Aliquote contributive e massimali per il 2013

 

Le aliquote di finanziamento della Gestione Separata

 La Gestione Separata è la cassa previdenziale dell’Inps dedicata ai professionisti senza un albo o un ordine e la relativa cassa. Destinata a questa particolare categoria di lavoratori, ha delle regole specifiche di funzionamento, soprattutto per quanto riguarda il calcolo del reddito imponibile e la relativa contribuzione all’Inps.

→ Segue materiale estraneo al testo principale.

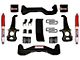 SkyJacker 6-Inch Front Spacer Suspension Lift Kit with Shocks (04-08 4WD F-150)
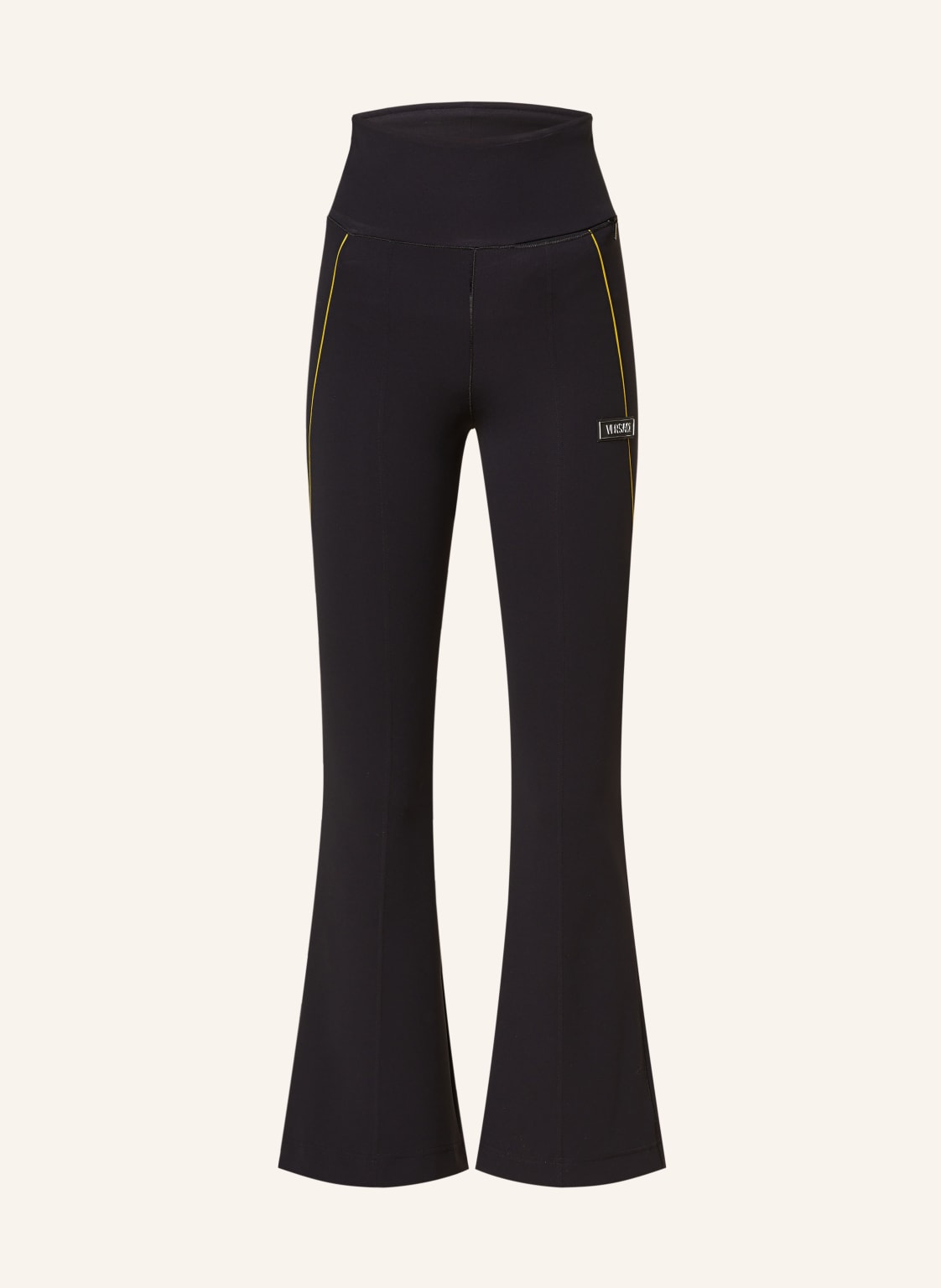 Versace Leggings schwarz von Versace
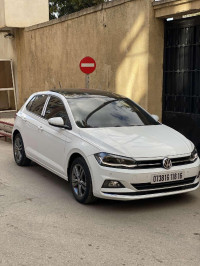 voitures-volkswagen-polo-2018-carat-bab-ezzouar-alger-algerie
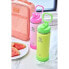 Takeya 18oz Glow-in-the-Dark Insulated SS Water Bottle with Straw Lid -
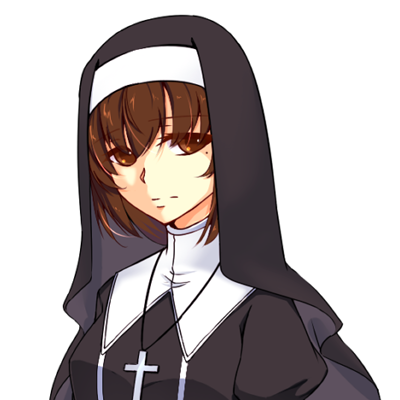 シスターのtwitterイラスト検索結果 古い順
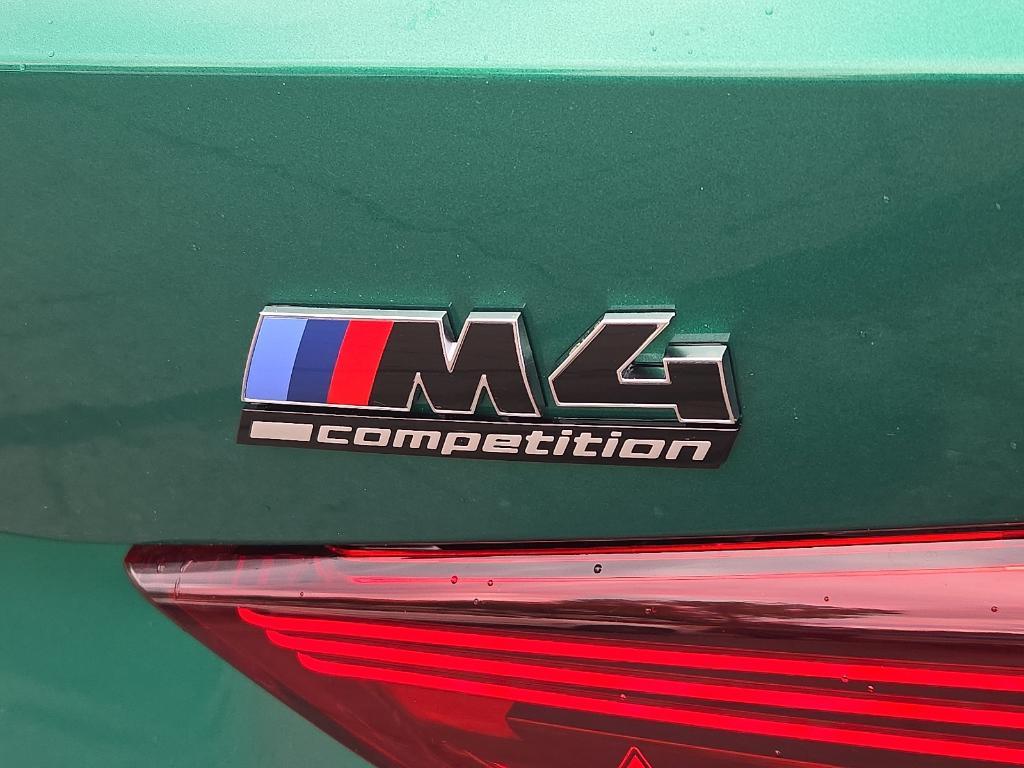 new 2026 BMW M4 car, priced at $100,045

Non prevedendo un minimale di contribuzione – come accade invece per la Gestione degli Agricoltori e dei Commercianti – per gli iscritti alla Gestione Separata l’importo da versare all’Inps si calcola in base a determinate aliquote di finanziamento, che  variano a seconda delle categorie di assicurato, del reddito e della titolarità di ulteriori rapporti assicurativi o pensionistici.

Aliquote di finanziamento della Gestione Separata: piena e ridotta

Dal 2007 queste aliquote sono due (da applicare a qualunque livello di reddito fino a concorrenza del massimale previsto per l’anno di riferimento):

1. aliquota piena, applicata a tutti i soggetti privi di altra copertura previdenziale obbligatoria e non pensionati;

2. aliquota ridotta, applicata ai soggetti già iscritti ad altre forme di previdenza obbligatoria o già titolari di pensione (diretta o indiretta).

Nel caso in cui il lavoratore abbia avuto nell’arco di un anno solare diverse situazioni previdenziali e assicurative, tali da variare la tipologia di aliquota da applicare, il totale sarà la somma dei diversi importi ottenuti dall’applicazione dell’aliquota di riferimento per ogni porzione di reddito.